Car la politique est l'autre terrain de jeu de Caroline De Haas. Conseillère chargée des relations avec les associations et de la lutte contre les violences faites aux femmes dans le cabinet de Najat Vallaud-Belkacem entre 2012 et 2013, elle quitte le PS en 2014. En 2016, elle est directrice de la campagne de Cécile Duflot pour la primaire des écologistes. Soutenue par EELV et le PCF, elle se présente aux législatives un an plus tard dans le 18e arrondissement de Paris, mais elle est battue dès le premier tour. Elle y avait retrouvé Myriam El Khomri, elle aussi battue.

Un an auparavant, c’est sur le web que Caroline De Haas avait lancé le combat contre celle qui était alors ministre du Travail: sa pétition, "Loi Travail: non merci" avait recueilli 1,3 million de signatures. Car sur Internet aussi, la féministe sait se faire entendre. "Il y a eu très vite une prise de conscience de la part de Caroline qu'Internet allait pouvoir nous aider à contrebalancer le débat public", se remémore Clara Gonzales, qui a travaillé avec elle sur plusieurs campagnes digitales. "C’est aussi ça qui est intéressant avec Caroline: son militantisme dépasse très largement la question du féminisme. Parfois, elle aimerait bien être mieux entendue sur d’autres sujets. Les politiques ont le droit de s’exprimer sur tout ce qu’ils veulent et dire des grosses conneries, mais quand on est militante affichée comme féministe, il faudrait quasiment qu’on se taise sur tous les autres sujets".

"Elle est très à l’aise avec les médias, mais c’est aussi quelqu’un qui travaille"

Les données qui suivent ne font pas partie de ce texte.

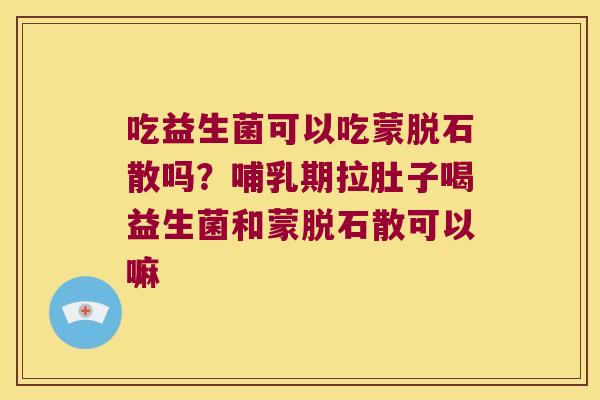 吃益生菌可以吃蒙脱石散吗？哺乳期拉肚子喝益生菌和蒙脱石散可以嘛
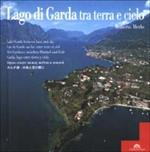 Lago di Garda tra terra e cielo. Ediz. multilingue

Malgré tout, c’est bien sur le terrain du féminisme qu’elle "imprime" le plus. Autant dans l'espace public que chez les militantes qu'elle forme. "Ce que j’ai appris de Caroline, c’est qu’on peut faire des campagnes de com’ de fou, des happenings, des vidéos, mais sur le fond on doit être irréprochables et prudentes", raconte Claire Serre-Combe, ancienne porte-parole d’"Osez le féminisme!". "Elle est très à l’aise avec les médias, mais c’est aussi quelqu’un qui travaille, avec des militants derrière. Elle s’inscrit dans un travail d’équipe, elle n’est pas seule, isolée, à porter ce qui serait la voix".

Cette "voix", ses détracteurs lui reprochent d’exister médiatiquement pour faire vivre Egaé, sa société de conseil aux entreprises et aux collectivités sur la thématique de l’égalité femmes-hommes. Sans parler de la violence des attaques que Caroline De Haas affronte souvent sur les réseaux sociaux: dans un portrait de Cheek magazine, elle raconte avoir bloqué plus de 1300 comptes Twitter et filtré les mots "putes", "salope" et "féminazie". "Caroline, comme elle est plus visible médiatiquement, ça peut tout de suite prendre des proportions dingues, rapporte Claire Serre-Combe. Et comme toutes les personnes qui vivent ça, on ne le vit pas bien. Ça ne veut pas dire que ça détruit. Elle sait en tirer une force: quand on est victime de ça, on a raison dans le combat qu’on mène".